We know that lowering vehicle speeds on residential streets increases safety, reduces traffic, and that low traffic neighbourhoods encourage more people to walk and bike.

We know that raising vehicles speeds on motorways will attract drivers from local roads to motorways, may encourage more travel by motorway (and maybe overall), but will increase safety risk on motorways (but arguably might reduce risk overall, as drivers divert from less safe roads to safe roads).

Doing both could be a politically powerful bargain, improving our urban environment. But how does this net out? Will the safety improvements on local streets from fewer vehicles and lower speeds outweigh the increased risk on motorways?

Because we don’t know how this nets out, and the risks of being wrong are fatal, I propose that we study this. 

  • Hypothesis: Raising speed limits on motorways and lowering speed limits on local roads in urban areas reduces traffic deaths per capita.

How do we test this?

We can simulate this in silica, but that only goes so far.

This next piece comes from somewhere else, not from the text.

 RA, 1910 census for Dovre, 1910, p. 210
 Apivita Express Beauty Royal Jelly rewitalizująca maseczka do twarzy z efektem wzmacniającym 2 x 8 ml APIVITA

We don’t really know the demand response to complex changes in travel speed limits (how much does speed actually change when the speed limit changes depends on the design of the road), and models are not particularly accurate. In the end, we will need to do trials, find a motorway network (or multiple networks) and set of local roads where the change can be implemented, along with a control case where it is not, and compare.

The evaluation should assess traffic safety, mode shares, and environmental impacts, along with speeds and speed limit compliance.

The answer could make it politically expedient to lower urban speed limits, and shift car crash risk from pedestrians and bicyclists to motorists. I look forward to seeing the answer.